- YOUR ASSIGNMENT
Copy out exactly the lines below that run from the one holding "Man with beard and glasses smiling at home" to the one holding "coffee business. 126998193", keeping both of those lines and no others.

- DATA PROVIDED
__________

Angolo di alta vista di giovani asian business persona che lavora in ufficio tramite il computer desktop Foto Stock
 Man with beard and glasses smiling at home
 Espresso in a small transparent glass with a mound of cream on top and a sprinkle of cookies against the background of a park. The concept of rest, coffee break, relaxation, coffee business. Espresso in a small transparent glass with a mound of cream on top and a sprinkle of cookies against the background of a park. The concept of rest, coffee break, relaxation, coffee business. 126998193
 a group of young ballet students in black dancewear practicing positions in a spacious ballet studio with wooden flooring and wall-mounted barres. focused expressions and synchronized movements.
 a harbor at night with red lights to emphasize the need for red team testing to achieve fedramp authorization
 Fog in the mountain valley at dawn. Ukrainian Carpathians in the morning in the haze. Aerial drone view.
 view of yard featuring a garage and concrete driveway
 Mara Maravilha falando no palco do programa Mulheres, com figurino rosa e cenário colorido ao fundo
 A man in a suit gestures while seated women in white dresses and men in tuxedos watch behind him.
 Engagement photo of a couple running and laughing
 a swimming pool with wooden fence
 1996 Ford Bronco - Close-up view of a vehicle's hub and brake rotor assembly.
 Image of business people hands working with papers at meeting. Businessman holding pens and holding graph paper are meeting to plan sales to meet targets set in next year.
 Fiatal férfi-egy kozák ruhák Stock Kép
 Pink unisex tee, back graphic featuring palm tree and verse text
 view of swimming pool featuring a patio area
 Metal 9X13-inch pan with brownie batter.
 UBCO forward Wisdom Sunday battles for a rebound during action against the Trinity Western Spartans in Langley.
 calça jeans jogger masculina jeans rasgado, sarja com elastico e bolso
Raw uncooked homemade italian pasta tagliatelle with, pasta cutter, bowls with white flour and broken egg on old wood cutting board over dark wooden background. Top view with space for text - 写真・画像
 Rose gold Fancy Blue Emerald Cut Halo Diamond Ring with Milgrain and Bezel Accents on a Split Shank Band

__________

- ANSWER TO THIS PROBLEM
 Man with beard and glasses smiling at home
 Espresso in a small transparent glass with a mound of cream on top and a sprinkle of cookies against the background of a park. The concept of rest, coffee break, relaxation, coffee business. Espresso in a small transparent glass with a mound of cream on top and a sprinkle of cookies against the background of a park. The concept of rest, coffee break, relaxation, coffee business. 126998193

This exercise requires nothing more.